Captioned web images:
::::
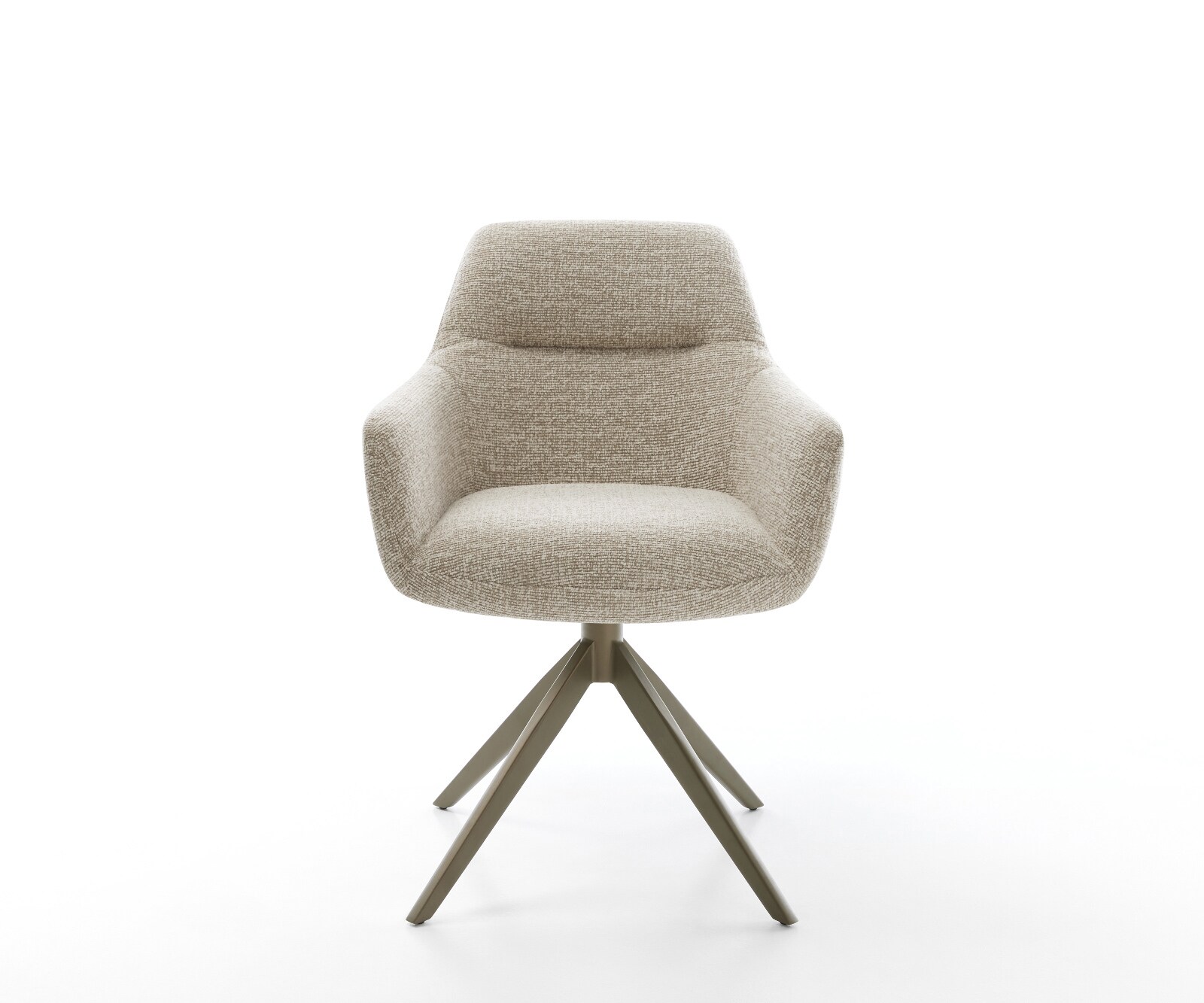Въртящ се стол Pejo-Flex тъкан Soft Beige Кръстосана рамка широка Ефектно покритие Титаниево завъртане на 360° Люлееща се функция Ядро от джобни пружини 2
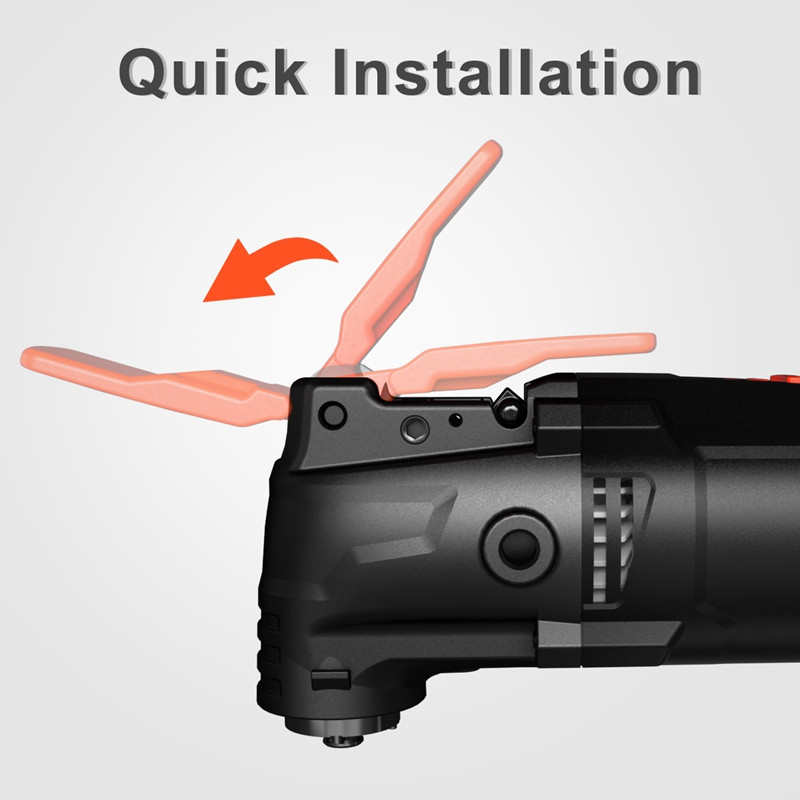 LOMVUM 300 W svyruojantis daugiafunkcis kintamosios srovės svyruojantis įrankis 6 greičių juodos spalvos medienos apdirbimo įrankiai renovatorius elektrinis pjaustytuvas JAV kištukas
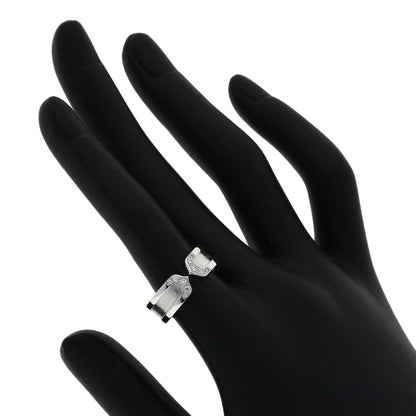 CARTIER C2 Diamond #51 Ring K18 White Gold Ladies [Used]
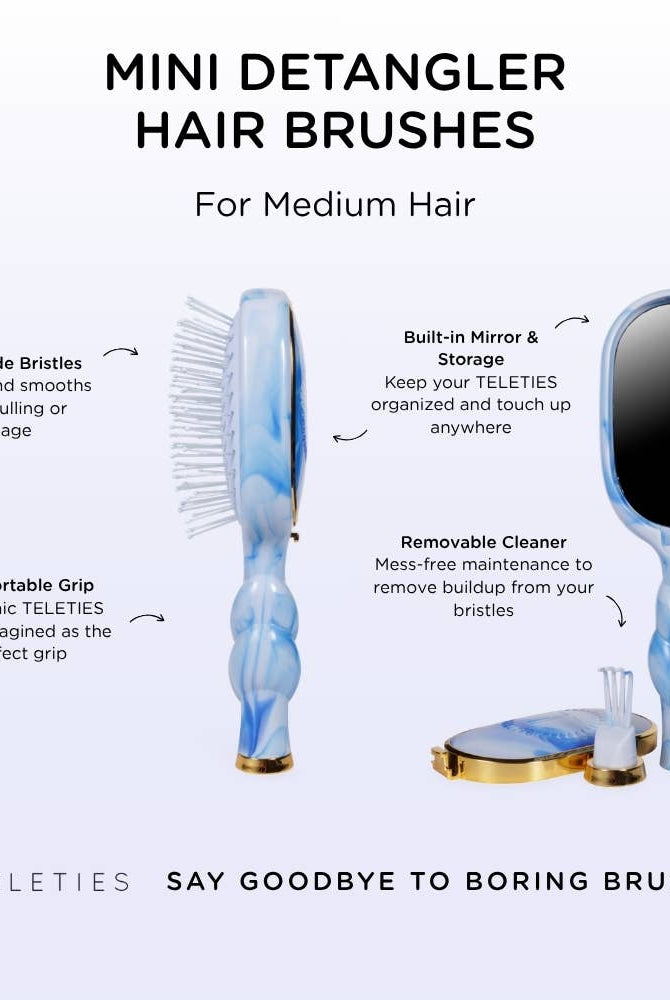 Mini Detangler Brush | Medium | Tide & True - A'Bekah's Boutique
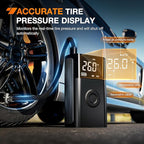 Nilight Tire Inflator Portable Air Compressor Battery Rechargeable 12VDC 150PSI Cordless Auto Shutoff w/Digital Pressure Gauge 2X Faster Inflation Pump for Car Motorcycle ATV UTV Bike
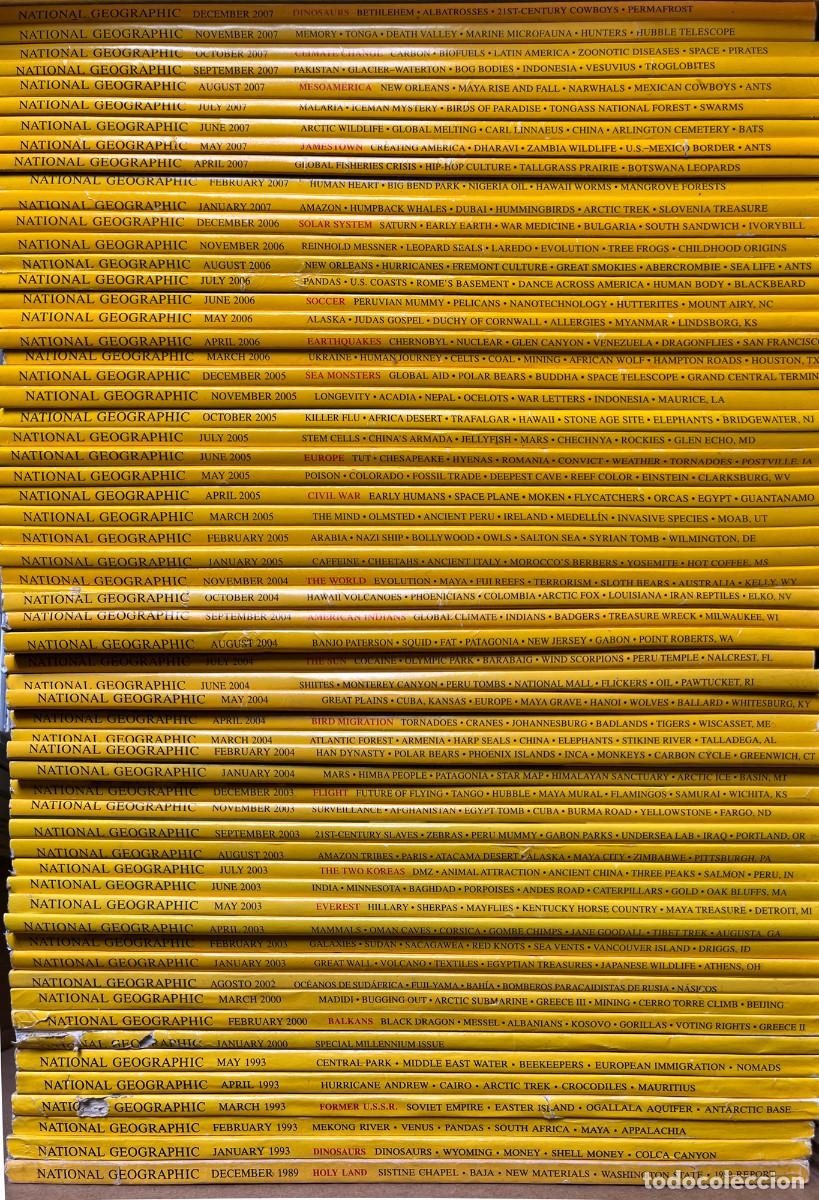 Sammeln von National Geographic: Coleccion National Geographic: 60 revistas y 7 carteles desplegables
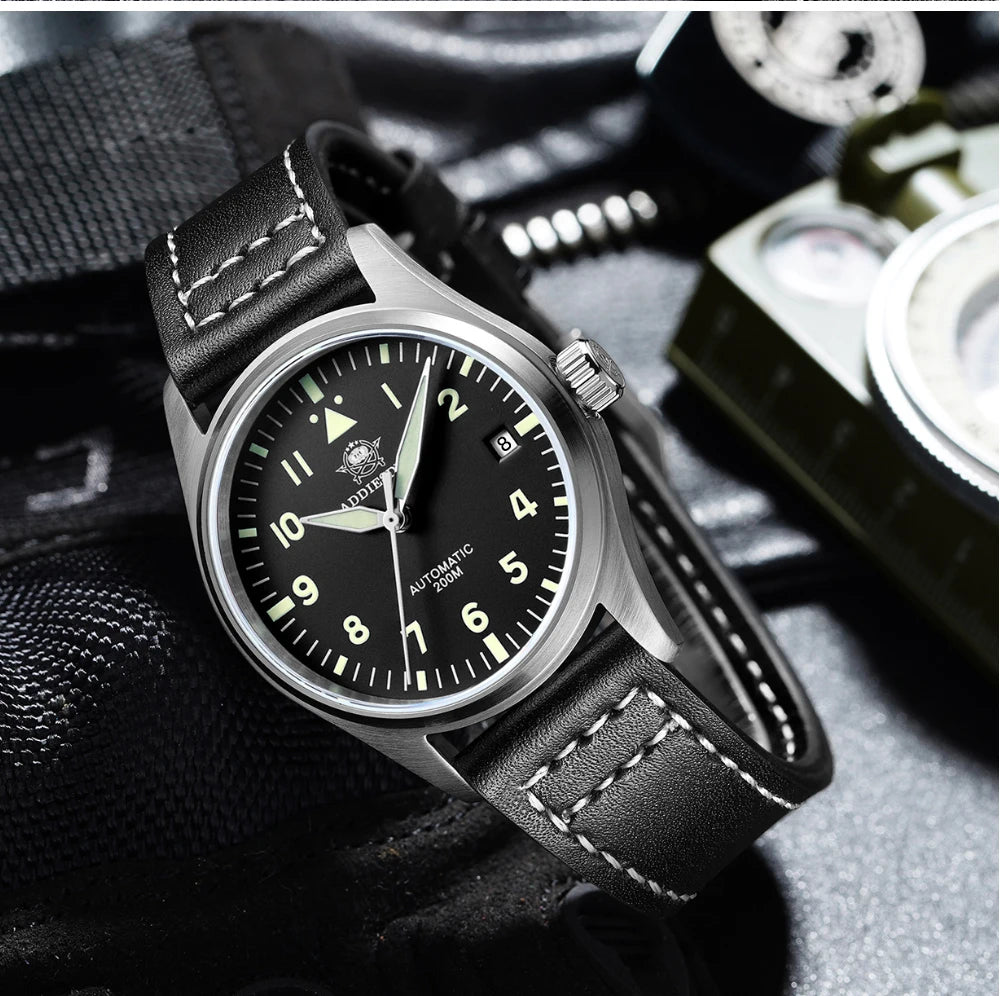 ADDIESDIVE Watches For Men C3 Super Luminous 200m Waterproof  Japan 8215 316L Stainless Reloj Hombre Automatic Mechanical Watch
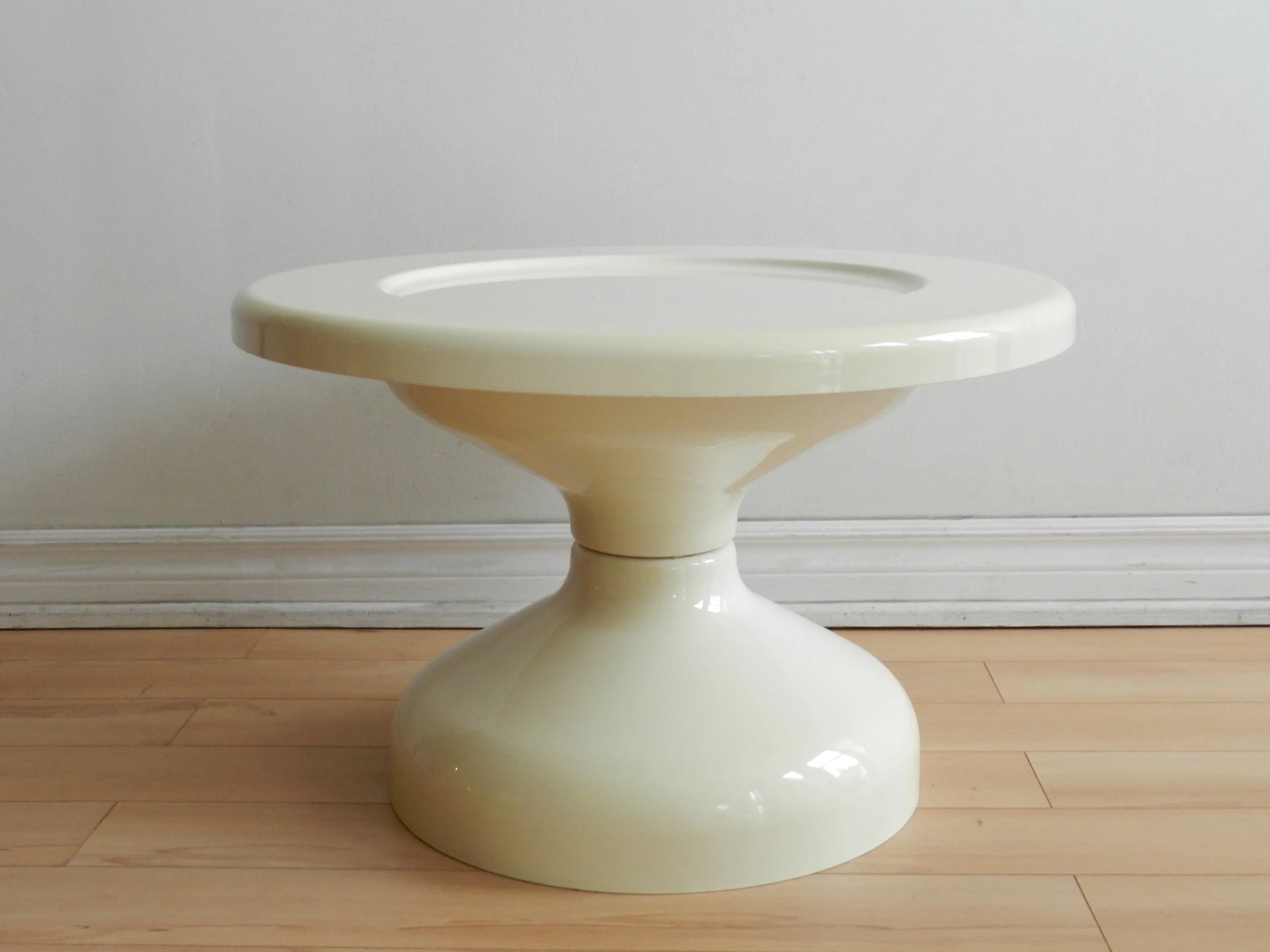 Space age “Rocchetto” table designed by Achille and Pier Giacomo Castiglioni.  Italy, 1960s.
::::
_What is needed_
With the images excluded, all entries are to be given again exactly.

_Response to the task_
Въртящ се стол Pejo-Flex тъкан Soft Beige Кръстосана рамка широка Ефектно покритие Титаниево завъртане на 360° Люлееща се функция Ядро от джобни пружини 2
 LOMVUM 300 W svyruojantis daugiafunkcis kintamosios srovės svyruojantis įrankis 6 greičių juodos spalvos medienos apdirbimo įrankiai renovatorius elektrinis pjaustytuvas JAV kištukas
 CARTIER C2 Diamond #51 Ring K18 White Gold Ladies [Used]
 Mini Detangler Brush | Medium | Tide & True - A'Bekah's Boutique
 Nilight Tire Inflator Portable Air Compressor Battery Rechargeable 12VDC 150PSI Cordless Auto Shutoff w/Digital Pressure Gauge 2X Faster Inflation Pump for Car Motorcycle ATV UTV Bike
 Sammeln von National Geographic: Coleccion National Geographic: 60 revistas y 7 carteles desplegables
 ADDIESDIVE Watches For Men C3 Super Luminous 200m Waterproof  Japan 8215 316L Stainless Reloj Hombre Automatic Mechanical Watch
 Space age “Rocchetto” table designed by Achille and Pier Giacomo Castiglioni.  Italy, 1960s.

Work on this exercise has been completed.